** STORED DATA follows **

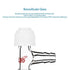 StonyLab Glass Inlet Thermometer Adapter, 14/20 Joint with Side Serrated Hose Connection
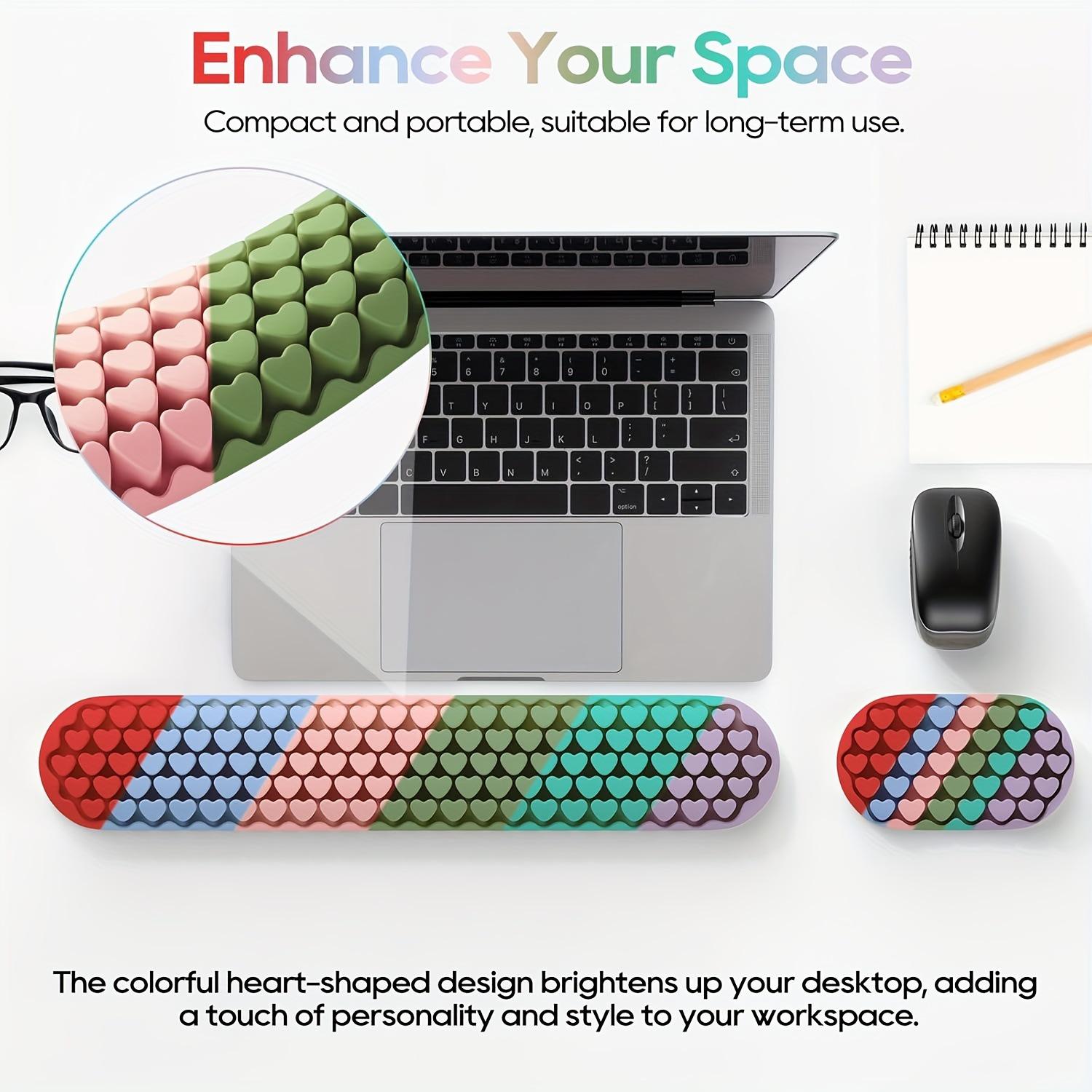 Dopamine Heart Silicone Wrist Rest: Universal Support for Men & Women
Dopamine Heart Silicone Wrist Rest: Universal Support for Men & Women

** End of STORED DATA **

WORK REQUIRED: The material above is to be transcribed exactly, with all pictures omitted.

EXERCISE SOLUTION:
 StonyLab Glass Inlet Thermometer Adapter, 14/20 Joint with Side Serrated Hose Connection
 Dopamine Heart Silicone Wrist Rest: Universal Support for Men & Women
Dopamine Heart Silicone Wrist Rest: Universal Support for Men & Women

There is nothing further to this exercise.